The mist stopped misting about a half hour or so later. Soon Jim and I were peddling our bikes along our usual route through our neighborhood, admiring the neighbor’s flowers.
Colors get particularly intense on just the right sort of cloudy day. This was one. We’re moving into the time when crepe myrtle, rose of sharon, and various other perennial shrubs are in perfect form, reds and pinks complimenting the yellows of wild sunflowers and the pale orange of globe mallow.
We’d just rounded a corner and were chuckling at three small kittens out playing in front of an open garage door, as their mother sprawled on the driveway keeping an eye on them, when the mist returned. In less than half a block, it was raining, not hard, but with enough force that we were getting decidedly damp.
We pulled up under a small tree and waited for the rain to stop. It always does. Except this time it didn’t. It got harder. We moved to the shelter of a somewhat larger tree. Two young girls we’d seen over on another street splashed by on their own bikes, delighted to be getting soaked. The rain got harder. We realized it wasn’t going to stop and turned for home. Because of the twistings of our route, we were only a half mile or so from home, but we were completely soaked by the time we got back.
And for the next ten hours or so, the rain didn’t quit. Oh, it would stop for an hour or so (we brought in four damp guinea pigs during one break), but the sky never cleared. By early evening, Jim recorded two inches of rainfall since that morning. We had probably gotten more, since the rain gauge was full and, anyhow, it isn’t a very good one. (Who needs a good rain gauge here?)
To put this into perspective for those of you who don’t live in the Albuquerque area, our average annual rainfall is seven and a half inches. Annual. That means in ten hours we got over a quarter of our annual allotment. Now, to be fair, the late July monsoons are when we get most of that rain. The other time is a spell in mid-September and another in late December, but even so this was remarkable. Our part of New Mexico averages 300 sunny days a year.
Rainfall can also vary widely in various parts of town. A friend who lives a twenty minute drive away reported only a little over a half inch over the three days that included our flooded Sunday.

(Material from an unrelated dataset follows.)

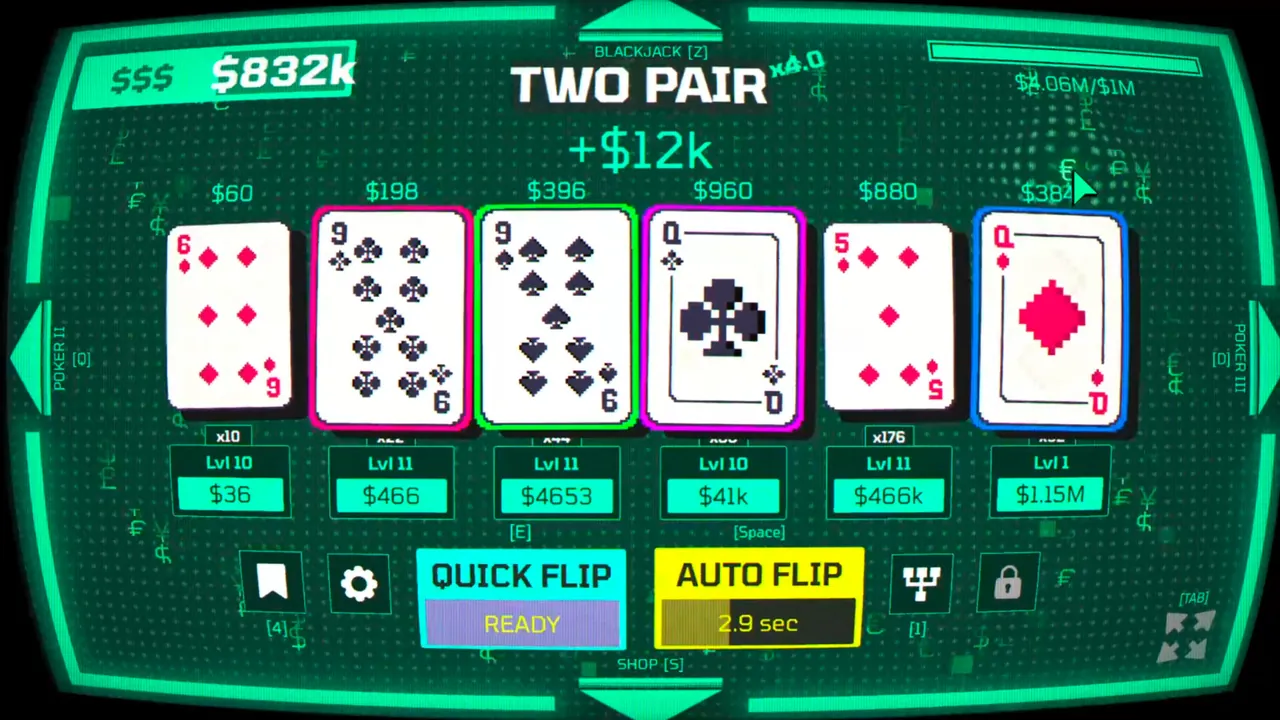 A Game About Flipping Cards — environment preview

Years ago, when I still lived in Virginia, I wrote a science fiction novel called Smoke and Mirrors (published in 1996 from AvoNova books). Smoke and Mirrors begins on a frontier planet called Arizona. Arizona was actually inspired more by my readings about the Arabian desert than by the state of that name. It was certainly not inspired by New Mexico, which, at the point when I was writing the book, I think I’d only visited once.

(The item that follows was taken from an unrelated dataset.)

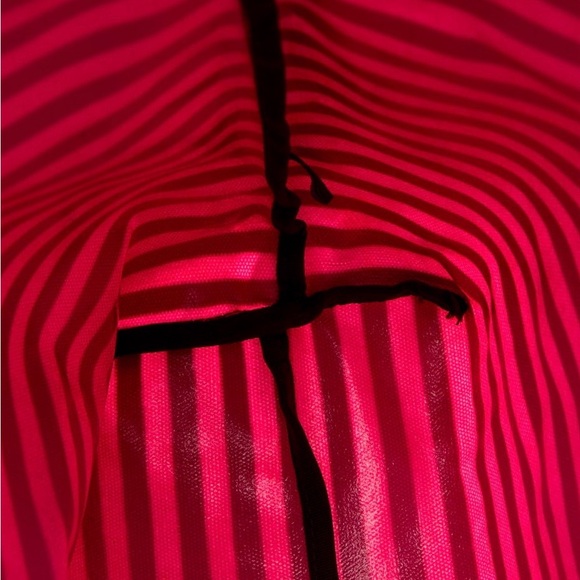 Henri Bendel New York Canvas Magazine Striped Tote Bag - Picture 5 of 7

(Never make the mistake of equating copyright date with writing date! There’s often quite a lag, especially with a new author. I just checked the contract. Smoke and Mirrors was sold in January of 1995. I wrote it in full before it was sold. It wasn’t released until June 1996).

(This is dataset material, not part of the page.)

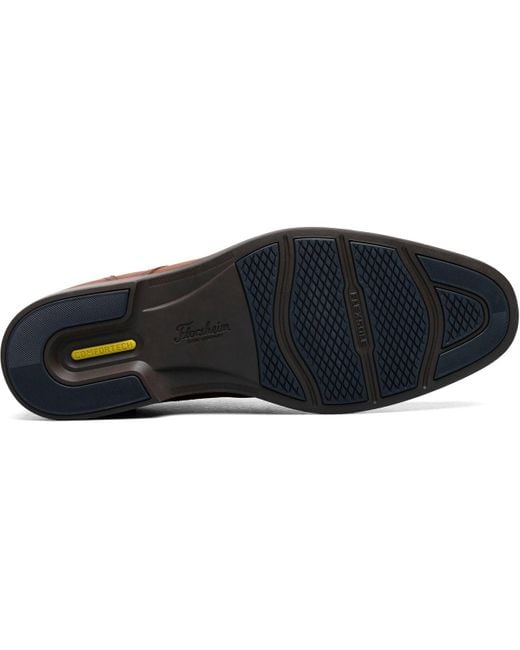 Florsheim Brown Traveler Plain Toe Oxford for men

Anyhow, I made the planet Arizona what it was because dry, desiccating desert was about as far as I could get from wet, lush south-central Virginia. And, ironically, here I am, living in a dry land of sunshine and almost no rain. I’m living in my own alien world.
Local newspaper columnist Jim Belshaw wrote once that New Mexico is the only place where he has ever lived that when it starts raining people get up from their desks, drift to the window, watch the rainfall, and then drift back, quietly smiling. I find myself doing the same thing. On Sunday, I stretched out on the sofa, watched the rain fall, and found myself grinning ear to ear.